Einem Volk, das MERDE sagt statt Scheiße und EMBONPOINT statt Fettbauch, kannst du einfach nicht böse sein. In Frankreich heißt der „Hurensohn“ FILS DE PUTE! Fiehß de Pütt. Wer soll das ernst nehmen? Der „Halsabschneider“ ist der ÉCORCHEUR. Ehkorrschör. Das klingt wie ein Lehrberuf („Mein Sohn ist im dritten Lehrjahr zum Écorcheur“). Und der Klugscheißer ist der PETIT CON PRÉTENTIEUX, der Pöttieh Kohn Prehtongssiöh. Niedlich. Ich hatte mal einen französischen Austauschschüler zu Gast, der beim Tischtennis bei jedem Schmetterball „Niehmm dass-öh!“ rief. Wie „prends ça“. Ich habe mir immer vorgestellt, er trüge dabei mittelalterliche Strumpfhosen und eine lustige Narrenmütze mit kleinen Glöckchen.
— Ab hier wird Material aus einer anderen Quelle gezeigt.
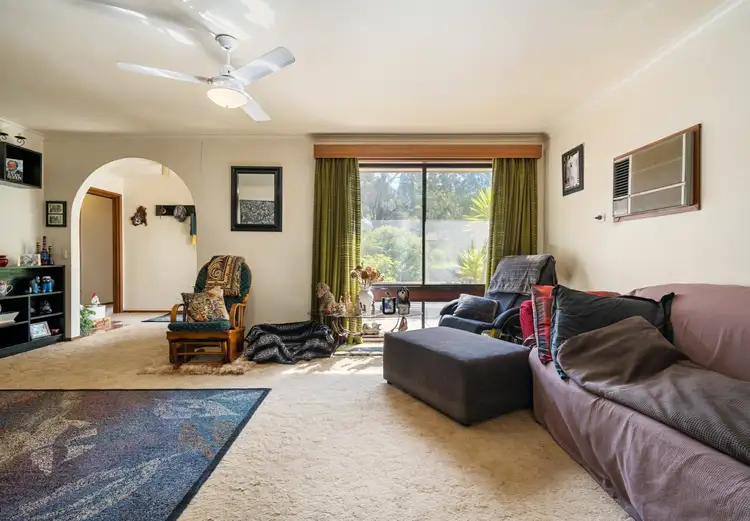 Fifth view of Homely house listing, 7 West Terrace, Littlehampton SA 5250
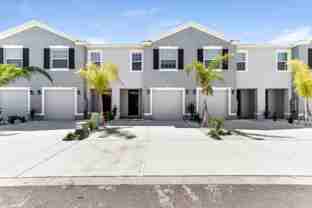 11923 Stoneport Place - Photo 1 of 1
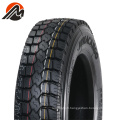 Pneu de camion 295/75R22.5 22,5 Dynacargo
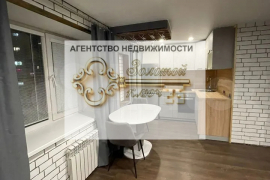 2-к. квартира, 42,2 м², 4/5 эт.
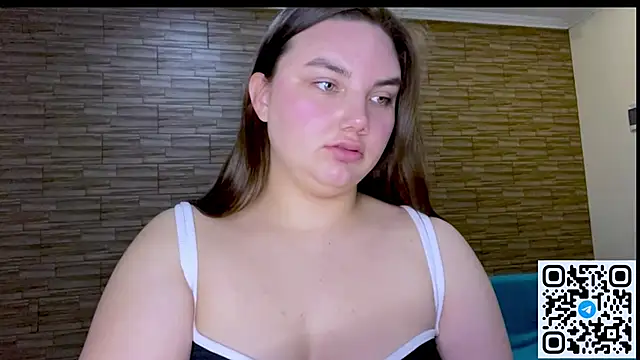 Dreamyblushfairy online show from 05/02/26, 07:13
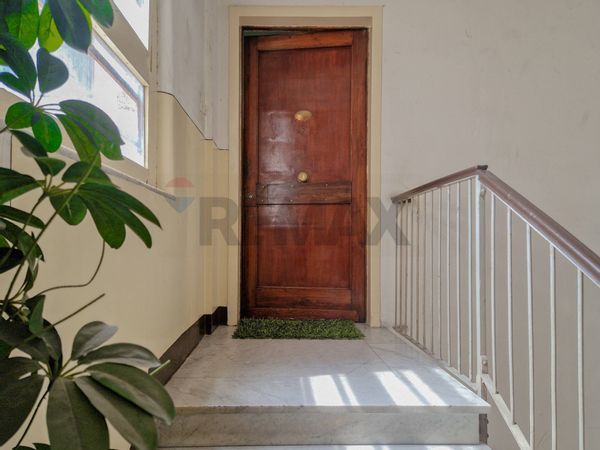 Appartamento Province, Catania, CT Affitto - Foto 3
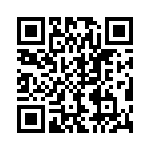 ERA-V15J152V QRCode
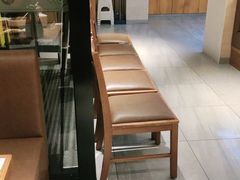 -胡氏大盘鸡新疆菜(石岗店)
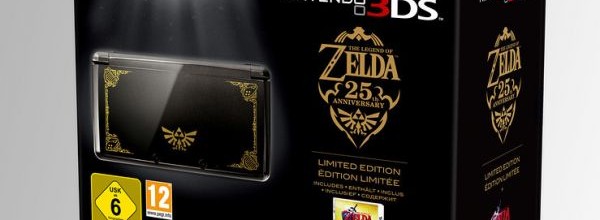 The Legend of Zelda: Ocarina of Time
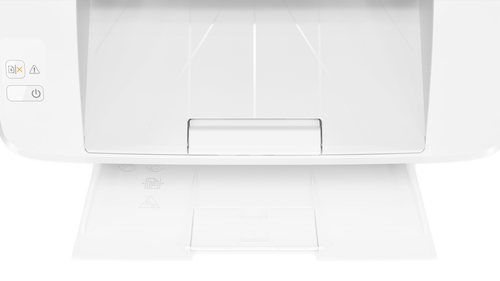 HP LaserJet Pro M15a – image 9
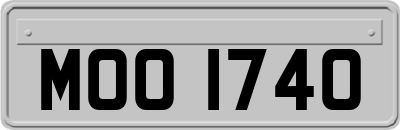 MOO1740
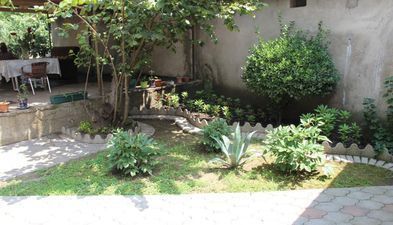 სასტუმრო ონიქსი_6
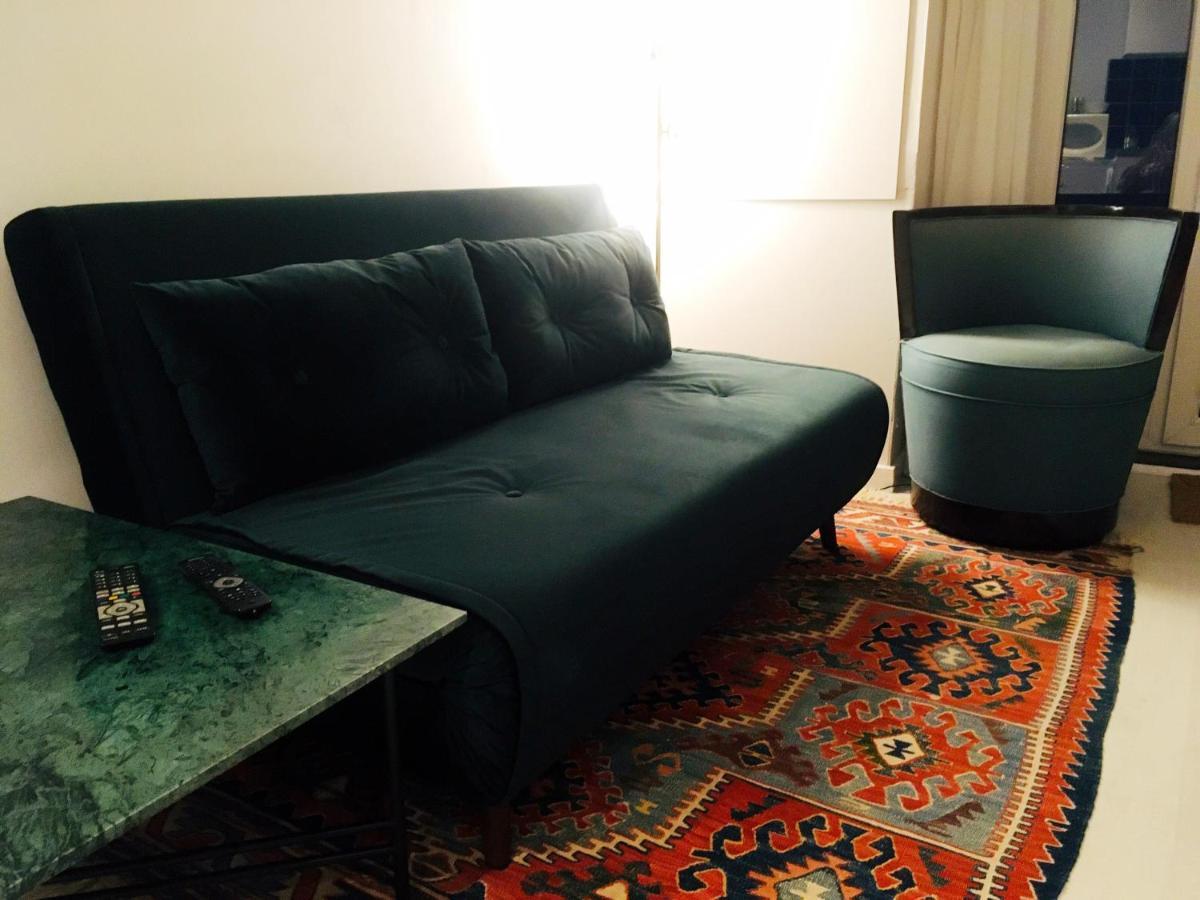 Boutique Scheldt Antwerp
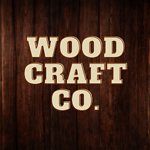 Woodwork Channel
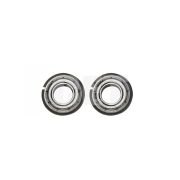 Подшипник резинового вала для KYOCERA ECOSYS P3055dn/3060dn/3050dn/FS-4200DN (CET), 2 шт/компл, CET3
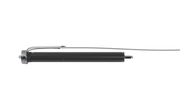 MX-Nfi 540 Mega Nothandantrieb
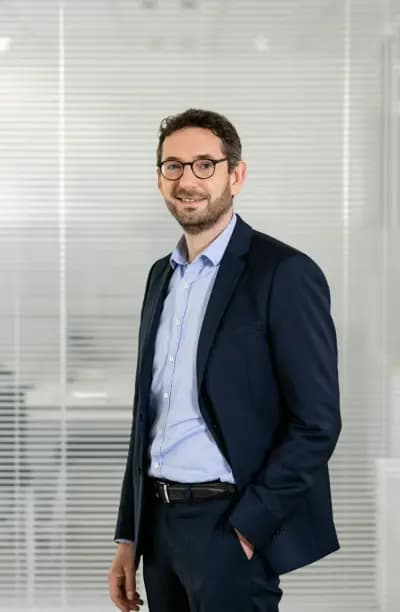 Jean-Baptiste Delattre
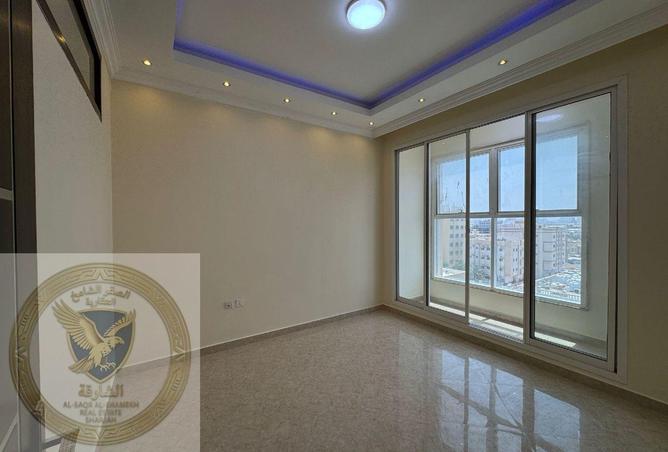 112733471 - Property Main Image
Es ist kein Wunder, dass französische Kellner ihre Abscheu gegenüber Touristen eher nonverbal zum Ausdruck bringen. Die Sprache gibt es einfach nicht her. Aber ich bin lieber ein petit con prétentieux mit Embonpoint als ein dicker Klugscheißer. Wörtlich übersetzt heißt Embonpoint übrigens „in gutem Zustand“. Wir Deutschen nennen das in unserer zarten, melodiösen Sprache etwas rustikaler: SCHECKHEFTGEPFLEGT. Schönes Wochenende! Oder wie der Franzose sagt: un bon week-end.